19 Eylül 1921’ de Büyük Önder Atatürk’e Türkiye Büyük
Millet Meclisi tarafından “Gazi” lik ve “Mareşal” likünvanı verildi. İşte bu
nedenle 19 Eylül ülkemizde “Gaziler Günü” olarak kutlanır. Tarihimiz gaziler ve
şehitlerin kanlarıyla yazılmıştır. Toplumun hafızası tarihtir. Tarihi bilmek,
unutmamak, tarihten ders çıkarmak ve üzerinde düşünmek; varlığımızı, ulus birliğimizi
sağlar,
Vatan sevgimizi pekiştirir. Gaziler tarihin canlı tanıklarıdır. Canları pahasına savaşmış olanlardır. O yüzden bütün toplumlarda ve tabii biz de sonsuz saygı ve sevgi görürler.
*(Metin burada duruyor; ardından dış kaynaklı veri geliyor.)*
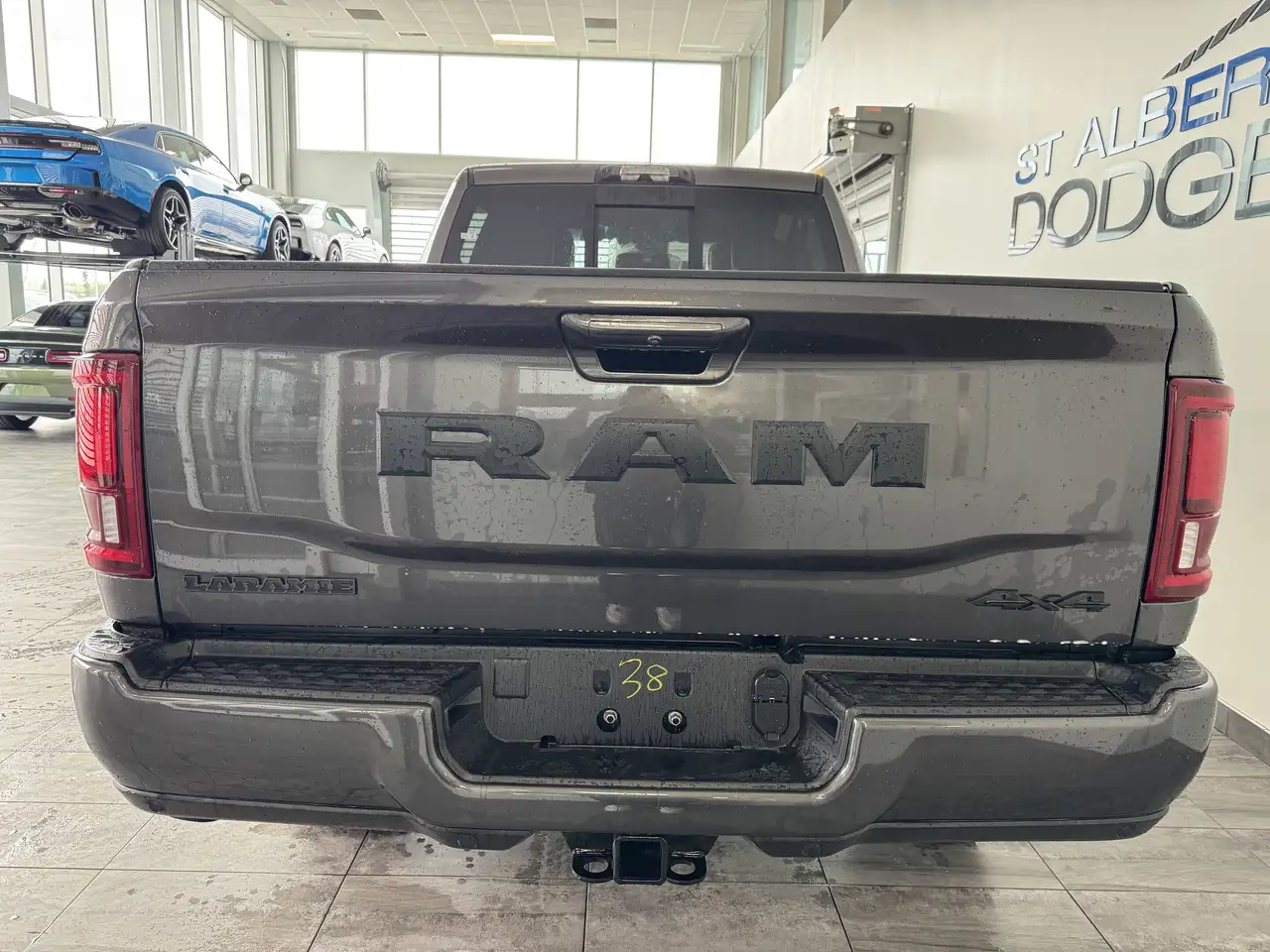 RAM 3500 снимка RAM 3500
Tarih toplum hafızasına tarih kitapları ve canlı tanıklarla kazınır. Bu bilgilerle biz; kim olduğumuzu, nereden nereye geldiğimizi, hangi ortak savaşlardan, ortak amaçlara yöneldiğimizi, kader birliğimizi, ülkü birliğimizi, ulus birliğimizi öğreniriz. Toplumsal hafızayı kaybettiğimizde birlik ve bütünlüğümüzü de kaybederiz. Bu yüzden tarih bilgisi önemlidir. Tarihi kanları ve canları pahasına yazan şehitler ve gaziler değerlidir. Gaziler tarihin canlı tanıkları olarak yaşananları hatırlamamıza, unutmamamıza neden olan insanlardır. Gazilerimiz, savaşlarda gösterdikleri kahramanlıkla anılırlar. Onlar, savaşlarda yaşadıkları acılı ve zorlu koşullar yüzünden, hayata bağlılıklarının arttırılması ve kalan ömürlerinde de rahat ettirilmesi gereken insanlardır.
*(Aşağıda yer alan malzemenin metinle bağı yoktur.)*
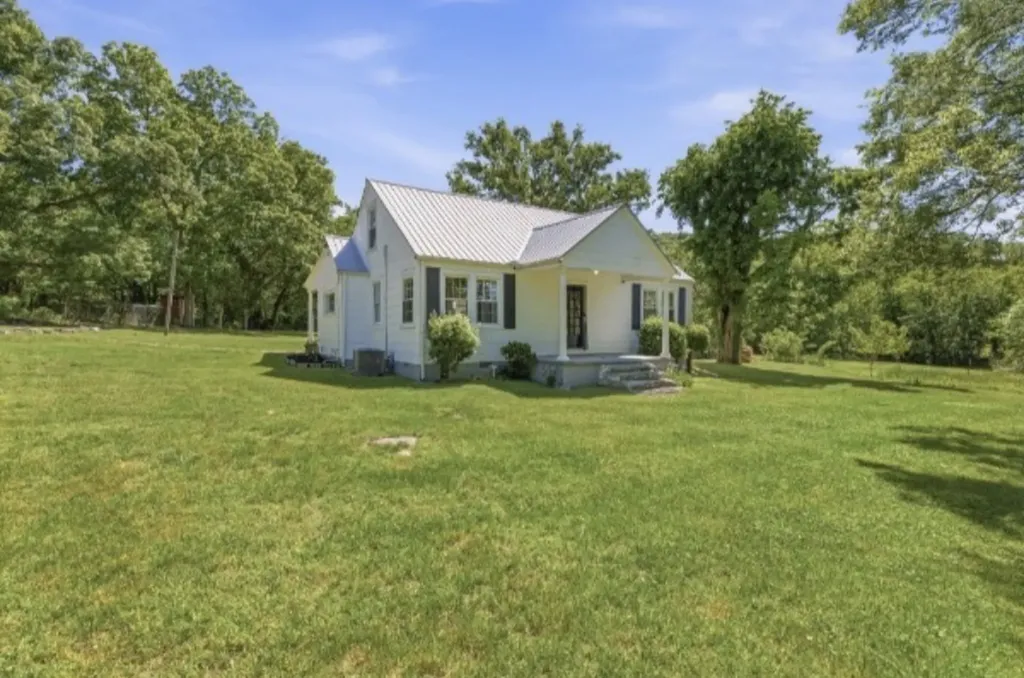 14991 Manchester Pike Christiana TN 37037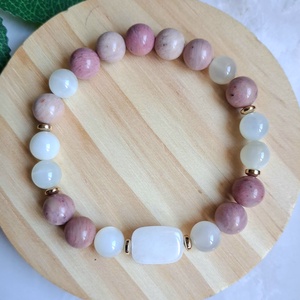 Rodonit tulit, holdkő és fehér jáde ásvány karkötő hematit köztesekkel - ékszer - karkötő - ásványkarkötő - Meska.hu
Çünkü toplum olarak bizler, bunu onlara borçluyuz.
Gazilik ve şehitlik mertebelerine erişmiş insanlara sevgi ve saygı göstermek, onlara her yerde ve her durumda öncelik vermek ulusumuzun ve devletimizin geleneklerinde vardır yüzyıllardır. Bu gelenek hiç değişmeden devam etmeli ve gazilerimizle ailelerine gerekli özeni hepimiz göstermeliyiz. Onlara olan minnet borcumuzu başka türlü ödeyemeyiz. “Gaziler Günü” kutlu olsun.